New day, new life: Malaysian spared the gallows flies home to Penang

Beh Chew Boo with a phone lawyer Wong Siew Hong gave him.

SINGAPORE: “The trip to the airport is metaphoric. I picked him up in darkness. He left me to cross Customs as the sun was rising. New day. New life.”

So remarked Wong Siew Hong, the lawyer who represented Malaysian Beh Chew Boo, 38, who was acquitted of all five charges of bringing drugs to Singapore, escaped the gallows and returned to Malaysia a free man.

“I feel complete. I have done my job. I have done my job as a lawyer, as a man and as a friend,” Wong, a Singaporean, told Bernama at Changi Airport early today.

Beh flew off to Penang a little later.

“It has been a journey that I was allowed to share with him. From the highs to the lows,” said the 60-year-old counsel.

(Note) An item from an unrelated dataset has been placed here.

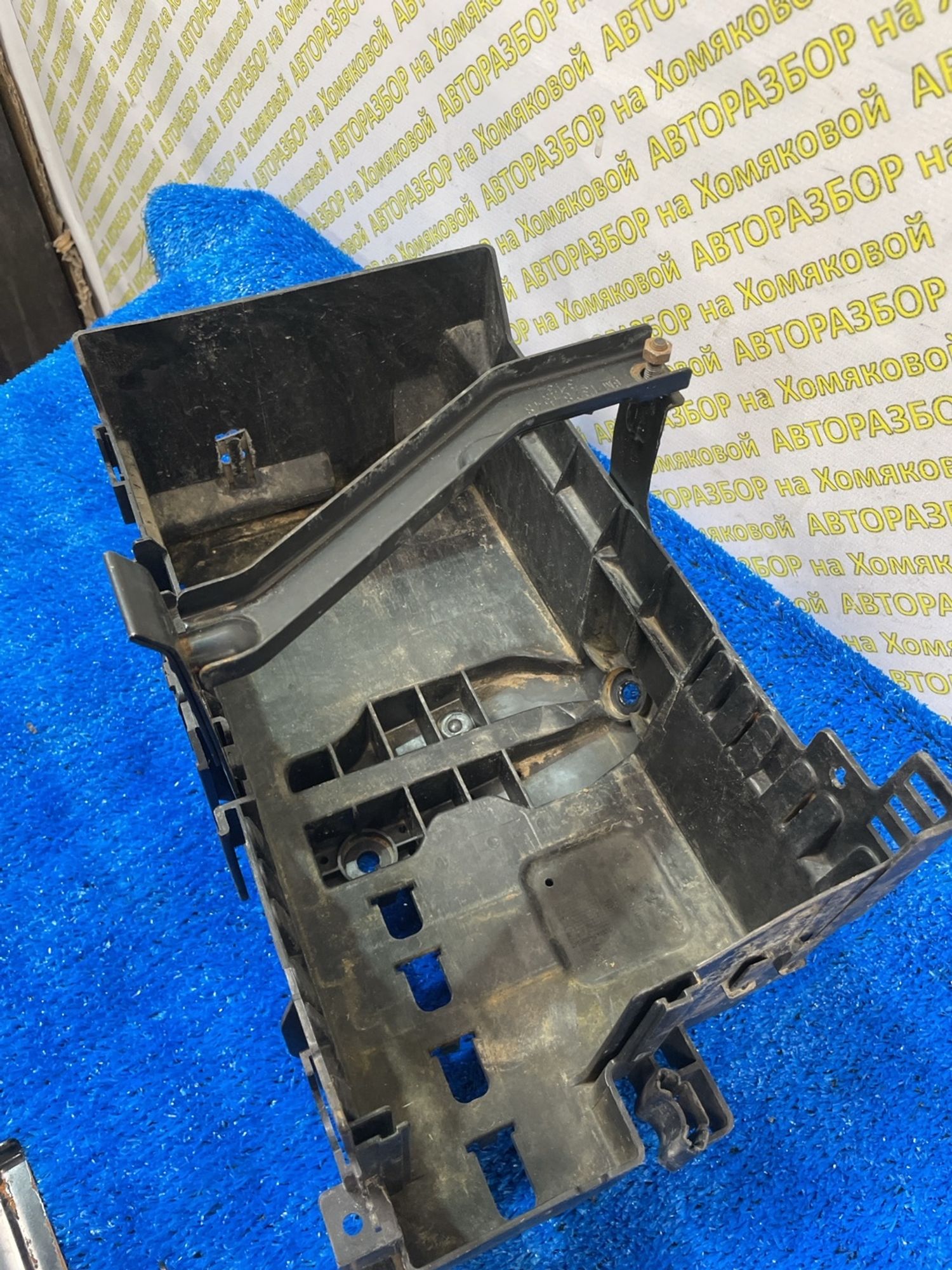 https://ycs.partsauto.market/partsauto-images/thmbs/userImages/f92b14355489e3b224da6399a17e0798/part/d080c906-acd2-48ec-be62-5e3cbf692a99_1789309668059.jpg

“I learned a lot along the way and I feel privileged that God had chosen to use me as his instrument to deliver Beh from the Valley of the Shadow of Death,” said the partner at Eldan Law LLP.

Beh, who was sentenced to death by the High Court on the eve of Chinese New Year (Jan 25) last year, escaped the noose in October after a three-judge panel of the Singapore Court of Appeal accepted his appeal.

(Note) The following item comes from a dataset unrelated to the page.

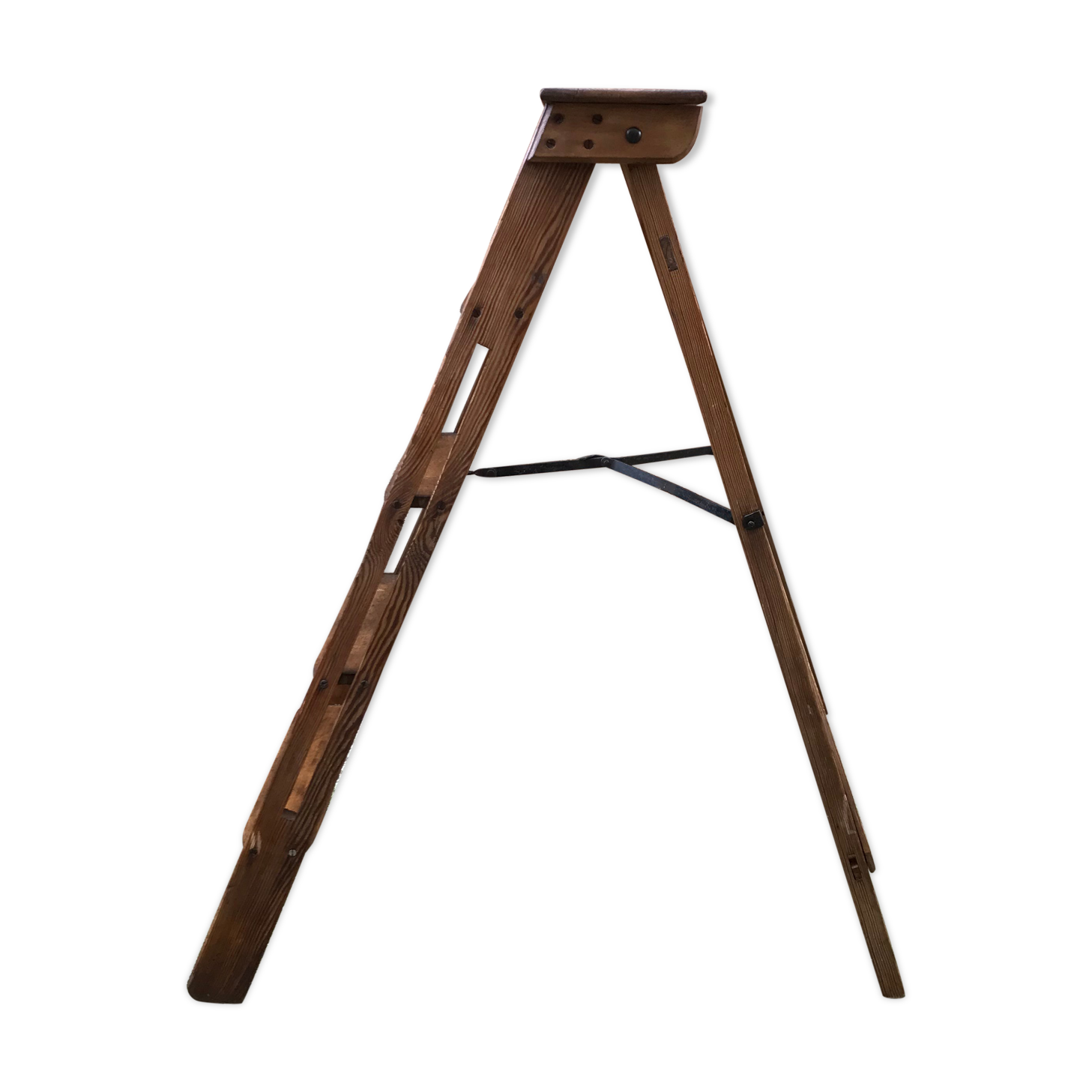 Wooden painter stepladder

Beh Chiew Boo (right) and lawyer Wong Siew Hong on a shopping trip in Singapore shortly after the Penangite was released.

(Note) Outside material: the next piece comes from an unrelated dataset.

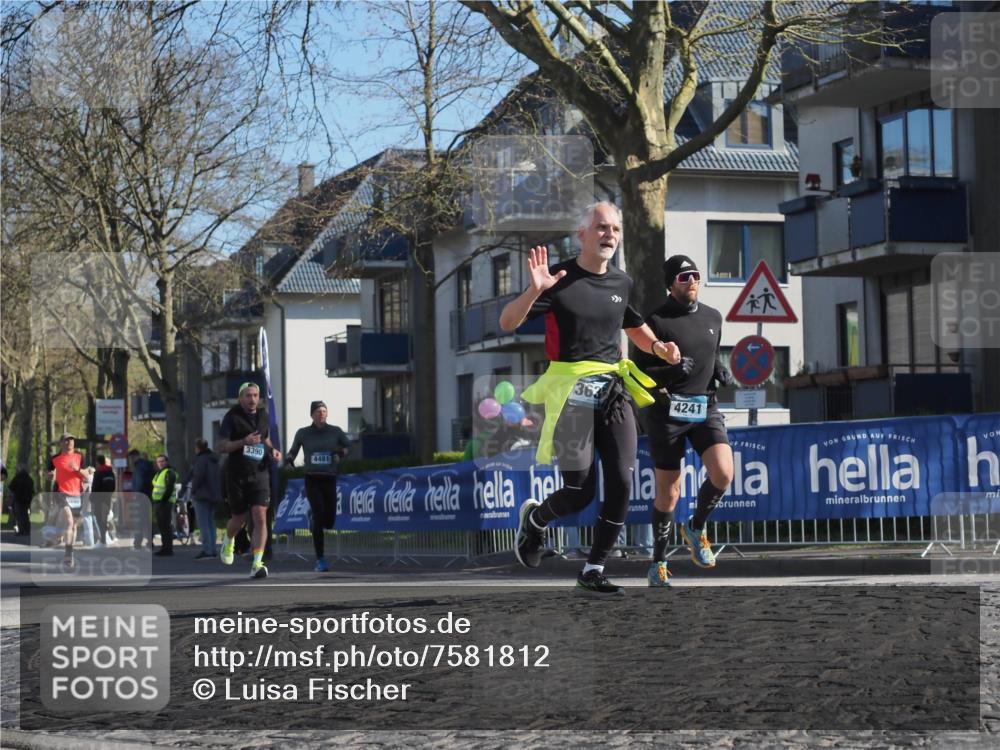 06.04.2025 - 44. Internationalen Wilhelmsburger Insellauf Luisa Fischer http://msf.ph/oto/7581812 06.04.2025 10:40:55 Ziel 3390, 4481, 363, 4241 meine-sportfotos.de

On March 2, the same panel of judges – Sundaresh Menon, Tay Yong Kwang and Steven Chong – also set aside the prosecution’s application to impose four lighter charges on Beh.

The panel made a 2-1 decision in Beh’s favour.

After Beh’s release from custody, Wong continued to take care of him. For the past 10 days, he provided temporary accommodation for the Malaysian at a hotel, as well as clothing and expenses until all his return arrangements had been completed.

At the departure gate of the airport, Beh was seen bowing before Wong who had proved that his client was innocent in a court battle that stretched for 52 months.

“Here he lies where he often longed to be. Home is the sailor. Home from the sea. And the hunter home from the hill,” Wong was heard saying, quoting from a requiem by Robert Louis Stevenson, as he waved to Beh from behind the glass barrier.